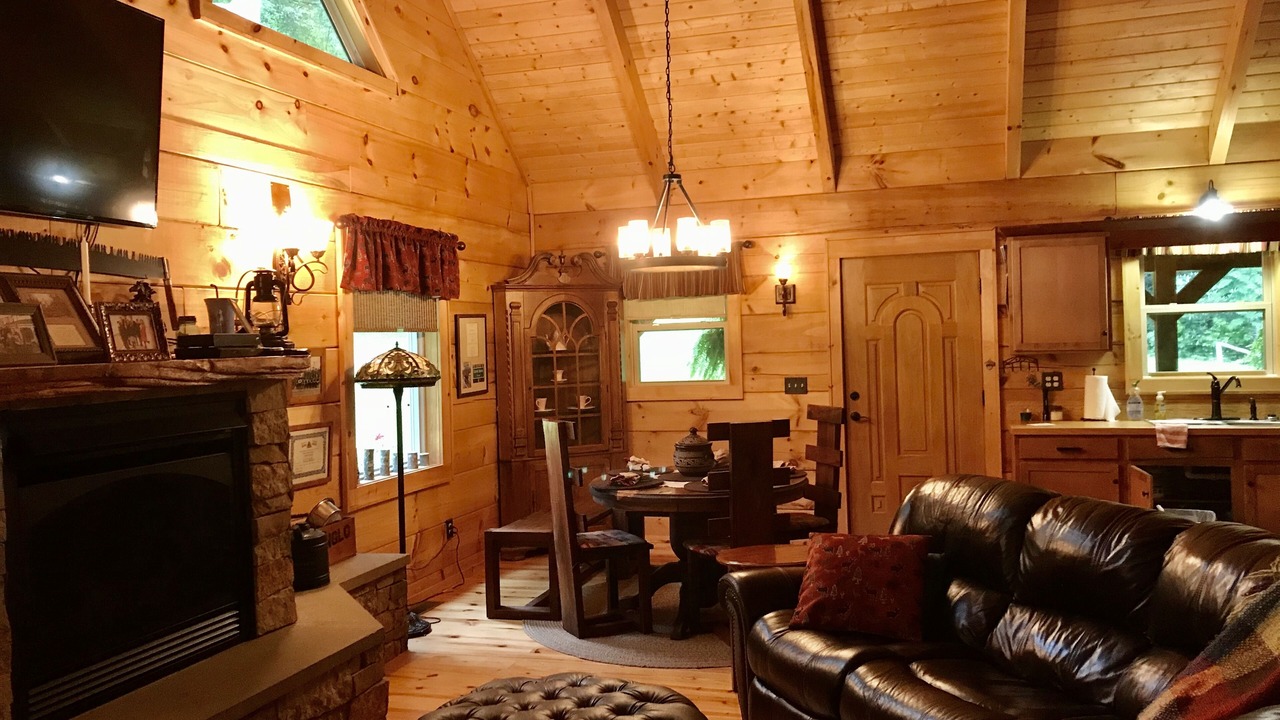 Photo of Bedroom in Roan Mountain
...
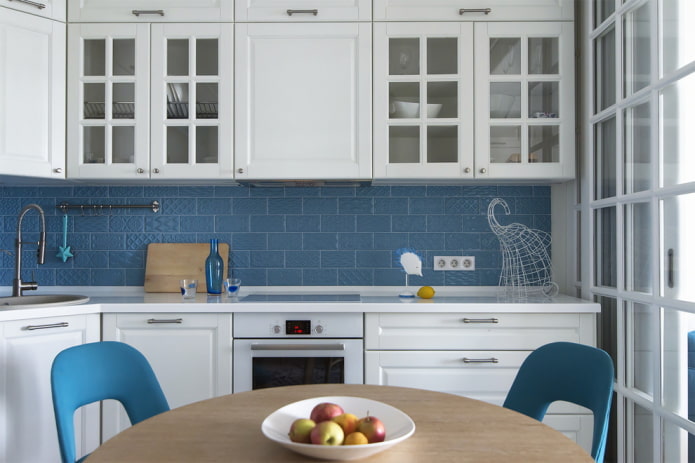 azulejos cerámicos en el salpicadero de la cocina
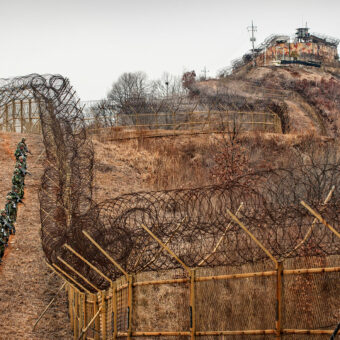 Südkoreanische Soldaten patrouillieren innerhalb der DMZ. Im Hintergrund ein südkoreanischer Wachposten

* [Instructions to follow]: Print, exactly, each line above from the one with "azulejos cerámicos en" to the one with "Südkoreanische Soldaten patrouillieren", end lines included. Leave pictures out of it.

* [Task solution]:
 azulejos cerámicos en el salpicadero de la cocina
 Südkoreanische Soldaten patrouillieren innerhalb der DMZ. Im Hintergrund ein südkoreanischer Wachposten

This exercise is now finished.